(Crawled caption data)
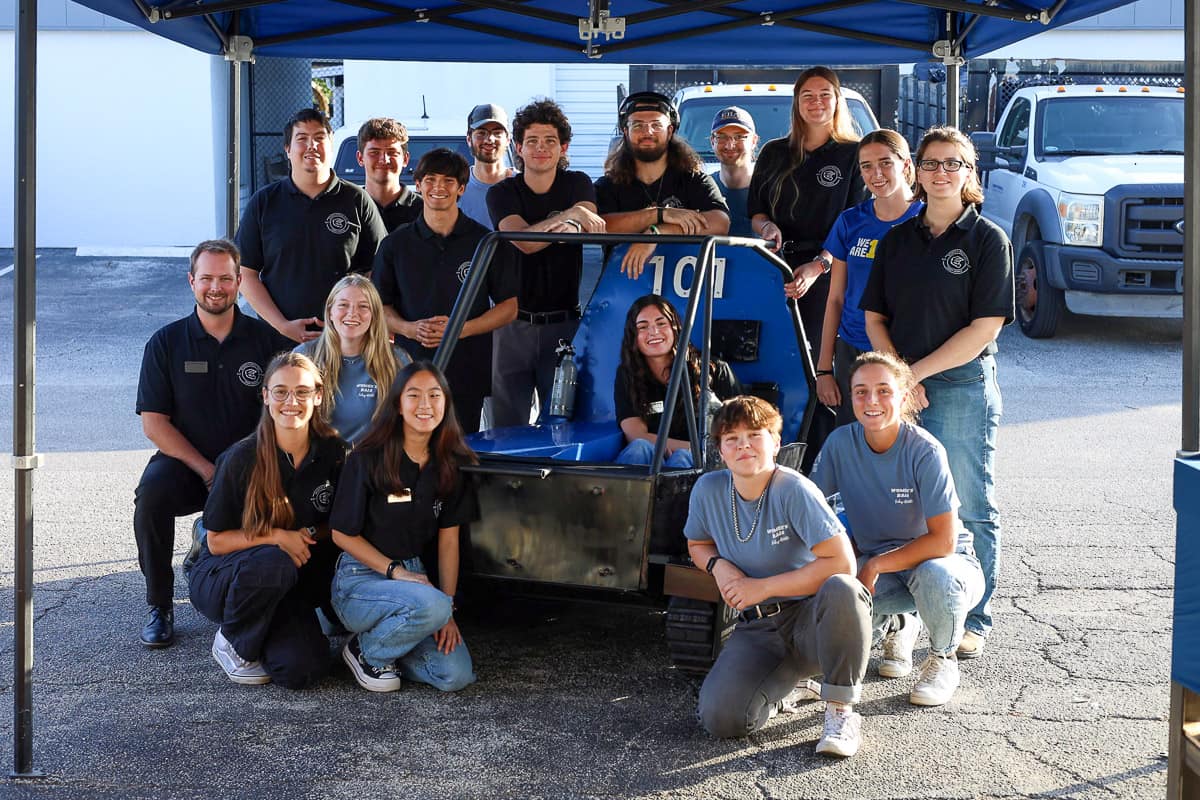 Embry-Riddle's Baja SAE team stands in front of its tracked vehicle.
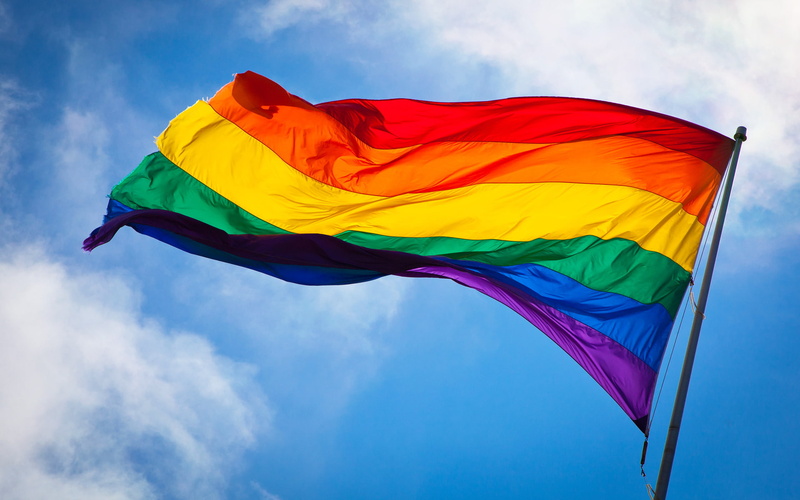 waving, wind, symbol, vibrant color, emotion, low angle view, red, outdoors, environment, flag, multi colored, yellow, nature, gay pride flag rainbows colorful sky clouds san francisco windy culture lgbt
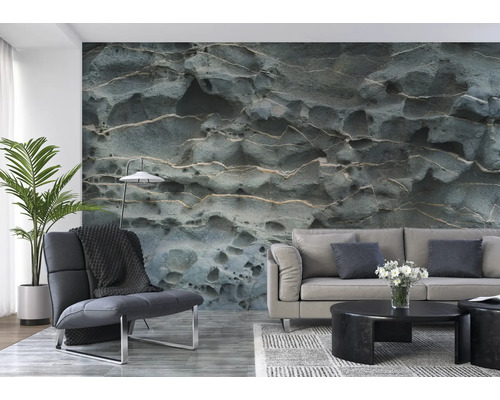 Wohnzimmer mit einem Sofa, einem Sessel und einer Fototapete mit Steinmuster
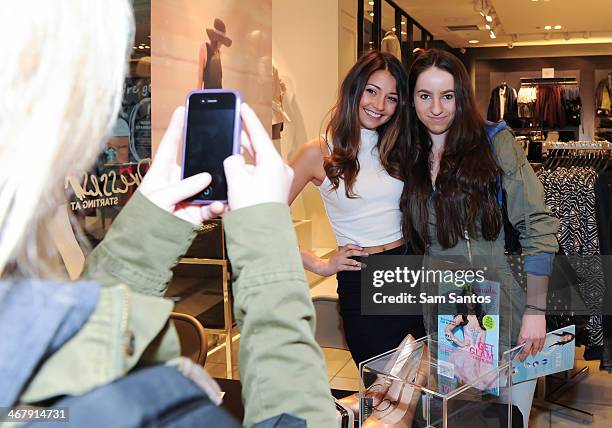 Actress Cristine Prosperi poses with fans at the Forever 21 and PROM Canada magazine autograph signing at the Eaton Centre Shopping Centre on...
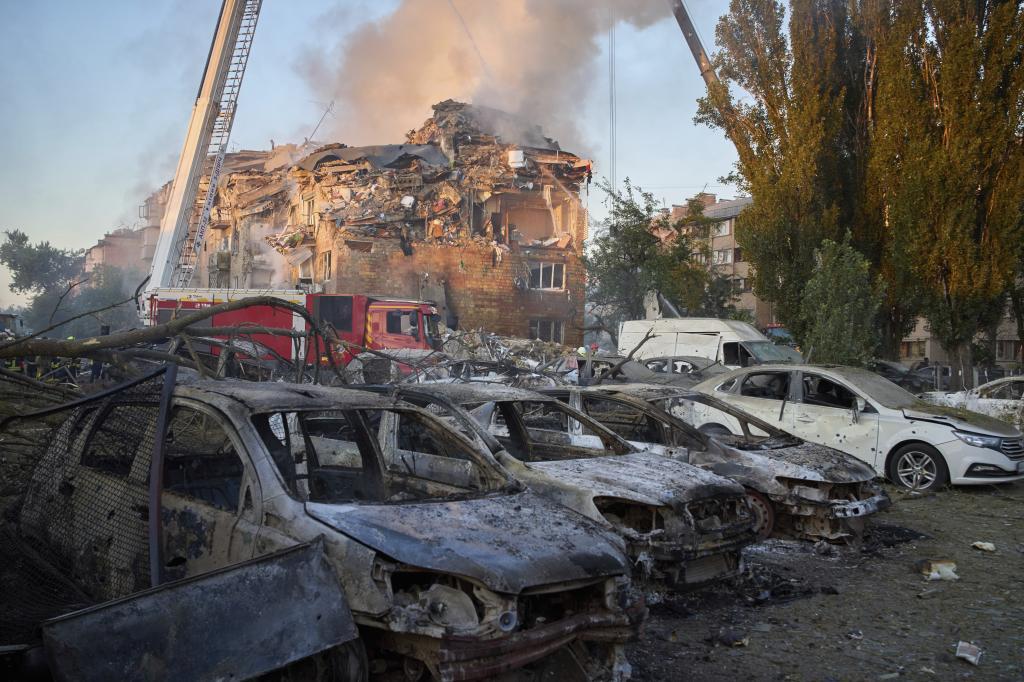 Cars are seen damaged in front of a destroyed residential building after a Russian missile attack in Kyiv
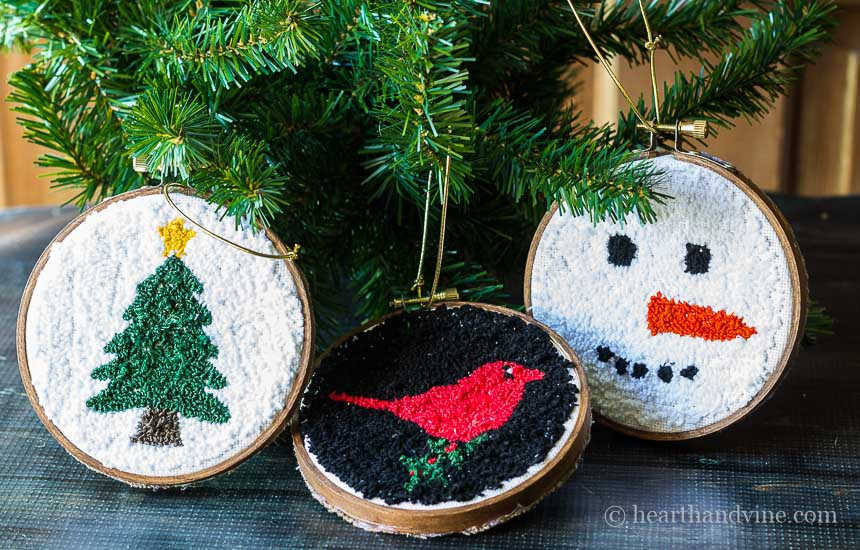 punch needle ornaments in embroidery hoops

HOW TO COMPLETE THIS TASK
Leaving every picture out, output the data exactly as it stands.

ANSWER TO THE EXERCISE
 Embry-Riddle's Baja SAE team stands in front of its tracked vehicle.
 waving, wind, symbol, vibrant color, emotion, low angle view, red, outdoors, environment, flag, multi colored, yellow, nature, gay pride flag rainbows colorful sky clouds san francisco windy culture lgbt
 Wohnzimmer mit einem Sofa, einem Sessel und einer Fototapete mit Steinmuster
 Actress Cristine Prosperi poses with fans at the Forever 21 and PROM Canada magazine autograph signing at the Eaton Centre Shopping Centre on...
 Cars are seen damaged in front of a destroyed residential building after a Russian missile attack in Kyiv
 punch needle ornaments in embroidery hoops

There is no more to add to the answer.